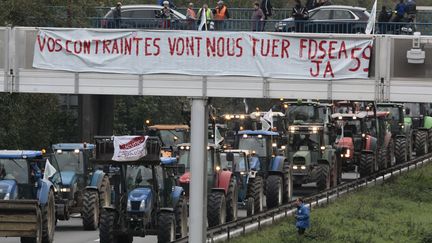 Manifestation d'agriculteurs et d'opposants &agrave; l'&eacute;cotaxe pr&egrave;s de Valenciennes (Nord), le 8 novembre 2013. (BAZIZ CHIBANE/SIPA)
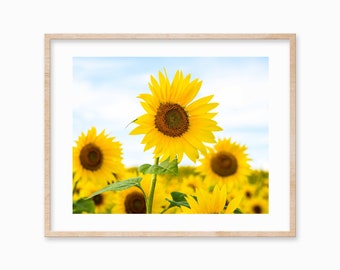 Sunflower Field Print - Summer Flower Photography Print - Nature Art Yellow - Floral Art Botantical Print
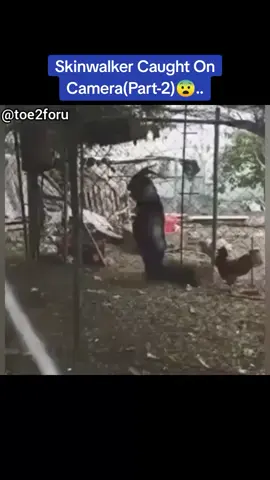 Skinwalker caught on camera(part-2)😨.... @toe2foru #possessed #horrifying #paranormal #creepy #scary #haunted #sound #dark #goat #ghost  #night #walk 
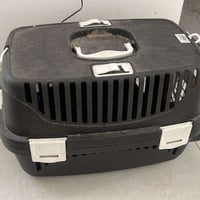 بيت قطة • مستلزمات قطط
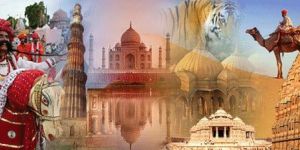 Tour and Travel Services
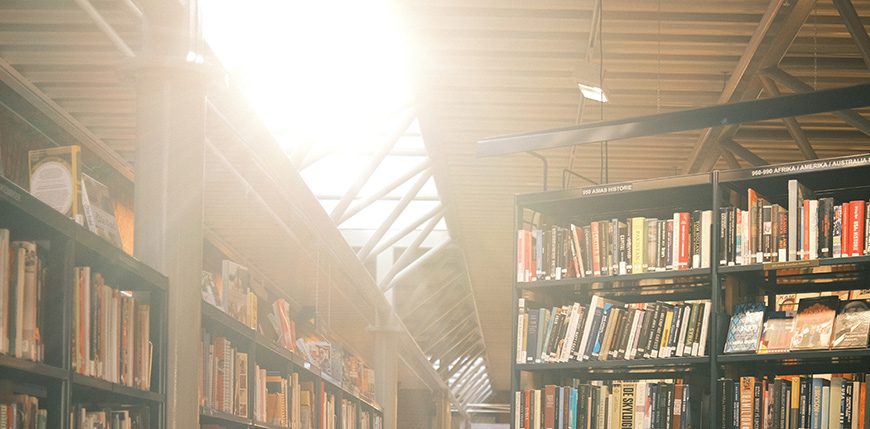 Immunitet Knogle frø Ledig stilling - Lillehammer bibliotek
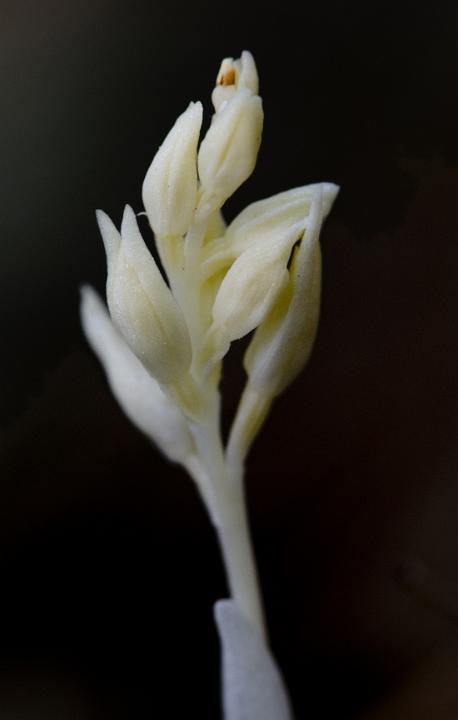 Phantom Orchid, Cephalanthera austiniae.jpg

◇ ◇ ◇

### Required action
Print only the lines running from the one containing "Tour and Travel Services" to the end of the data above, exactly; include no pictures.

### Reply to the task
 Tour and Travel Services
 Immunitet Knogle frø Ledig stilling - Lillehammer bibliotek
 Phantom Orchid, Cephalanthera austiniae.jpg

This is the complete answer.